It also affected my ID.4 delivery to a degree, but the Ides of March was actually fine by me.



mope54 said:


> When I placed my AWD order in I was told to expect delivery between Oct-Dec. I didn't wait... (got a First Edition!)


----------



## phildo (Jul 23, 1999)

I think 'worth the wait' really depends on what kind of vehicle you need. I live in Central Oregon and deal with ice/snow in the winter, so I am only considering AWD at this point.


----------



## Senior Member (Jul 2, 2016)

Never buy a 1st model year car.


----------



## Huey52 (Nov 10, 2010)

Historically I would be inclined to agree. However given over-the-air firmware updates it's far more a moot concern than ever before.



Senior Member said:


> Never buy a 1st model year car.


----------



## mope54 (May 24, 2005)

Senior Member said:


> Never buy a 1st model year car.


Normally I'd agree but VW's trend, at least in regard to their EVs, in recent years has been to release an early bird trim that is hard to match value-wise in later releases. The 1st is built in Germany and later iterations will be built state-side and I've always given higher value to German origin dubs than those built elsewhere. I suspect VW puts a little extra (source higher quality parts) into their launches, too. The first gen eGolfs, for example, had more efficient motors compared to the later releases. Those factors, along with the OTAs, make this less of a concern than usual. Plus, it's a VW...it's not like I'm expecting a gremlin-free vehicle during any release cycle


----------



## Huey52 (Nov 10, 2010)

Yes, "value engineering" always rears its increased profit margin ugly head in out years. So you have to weigh the bang for the buck trim (~$3K "free" in 1st Edition as an example) and somewhat better parts vs. the potential "early adopter" headaches. But again I've only had a couple App issues that were resolved fairly quickly and another vehicle charge-scheduling setup anomaly to work-around and likely to be addressed in the first OTA update. No issues with the actual drivability which has been excellent.


----------



## Fleuger999 (Jun 10, 2019)

phildo said:


> I think 'worth the wait' really depends on what kind of vehicle you need. I live in Central Oregon and deal with ice/snow in the winter, so I am only considering AWD at this point.

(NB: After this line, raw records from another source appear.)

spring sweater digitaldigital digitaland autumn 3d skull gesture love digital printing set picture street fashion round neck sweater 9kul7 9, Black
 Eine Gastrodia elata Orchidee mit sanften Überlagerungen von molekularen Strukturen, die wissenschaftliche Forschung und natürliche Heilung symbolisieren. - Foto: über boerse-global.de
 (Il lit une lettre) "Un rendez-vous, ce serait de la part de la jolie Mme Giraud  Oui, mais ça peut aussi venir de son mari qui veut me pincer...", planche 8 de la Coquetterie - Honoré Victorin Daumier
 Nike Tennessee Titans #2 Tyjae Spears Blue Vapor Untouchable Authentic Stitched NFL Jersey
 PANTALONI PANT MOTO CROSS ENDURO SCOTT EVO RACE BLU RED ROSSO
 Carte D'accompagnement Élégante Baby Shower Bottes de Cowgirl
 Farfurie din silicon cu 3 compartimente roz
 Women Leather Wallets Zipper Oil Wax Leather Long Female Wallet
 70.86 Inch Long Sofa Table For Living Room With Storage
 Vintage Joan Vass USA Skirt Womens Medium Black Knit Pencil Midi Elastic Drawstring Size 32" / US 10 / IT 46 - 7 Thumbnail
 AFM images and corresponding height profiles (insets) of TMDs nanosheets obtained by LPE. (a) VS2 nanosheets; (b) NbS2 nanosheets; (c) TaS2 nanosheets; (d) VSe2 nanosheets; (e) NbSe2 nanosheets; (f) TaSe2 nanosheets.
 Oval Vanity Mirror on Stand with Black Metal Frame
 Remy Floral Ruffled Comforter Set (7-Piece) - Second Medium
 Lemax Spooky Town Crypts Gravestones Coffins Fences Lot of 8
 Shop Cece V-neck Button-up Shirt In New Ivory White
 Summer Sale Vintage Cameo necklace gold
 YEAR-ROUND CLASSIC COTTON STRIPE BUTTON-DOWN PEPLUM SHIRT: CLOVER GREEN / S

The cold temps will also impact range. I have a buddy who has a Tesla in Toronto Canada and he said in winter his range is reduced by about 20% during the cold winter.


----------



## Huey52 (Nov 10, 2010)

Indeed. The computer's top priority is keeping the battery at its optimal temperature and that of course requires more energy in Winter that would otherwise be used for more range. But then also in very hot climates keeping it cool. 🤷‍♂️


Fleuger999 said:


> The cold temps will also impact range. I have a buddy who has a Tesla in Toronto Canada and he said in winter his range is reduced by about 20% during the cold winter.


----------



## mlsstl (Nov 28, 2018)

Over on another forum that has a lot of activity concerning the VW EVs (VWIDTalk.com), the general thinking is that the RWD's 250 mile EPA range will be reduced to 220 to 230 miles for the AWD. Both cars will have the same battery pack. Remember that the EPA mileage figures are more for comparing different makes and models against each other rather than a precise indication of what any individual driver should expect for themselves.


----------



## Golfsx2 (Apr 13, 2017)

VW has announced the AWD’s range as 240 miles. It achieves this by using the 2nd motor only when needed. The motor freewheels most of the time.


----------



## Huey52 (Nov 10, 2010)

Thanks for this as I was unaware that the FWD portion of the ID.4 AWD model was only "as required." This is somewhat similar to my prior TTS Quattro which was FWD most of the time and the Haldex RWD only activated as required.
I wonder however if the front motor is at least used for add'l regen/braking when not actual drive?


Golfsx2 said:


> VW has announced the AWD’s range as 240 miles. It achieves this by using the 2nd motor only when needed. The motor freewheels most of the time.


----------



## Golfsx2 (Apr 13, 2017)

The info about the front motor freewheeling most of the time was on an EV enthusiast site, which of course I can't find now. 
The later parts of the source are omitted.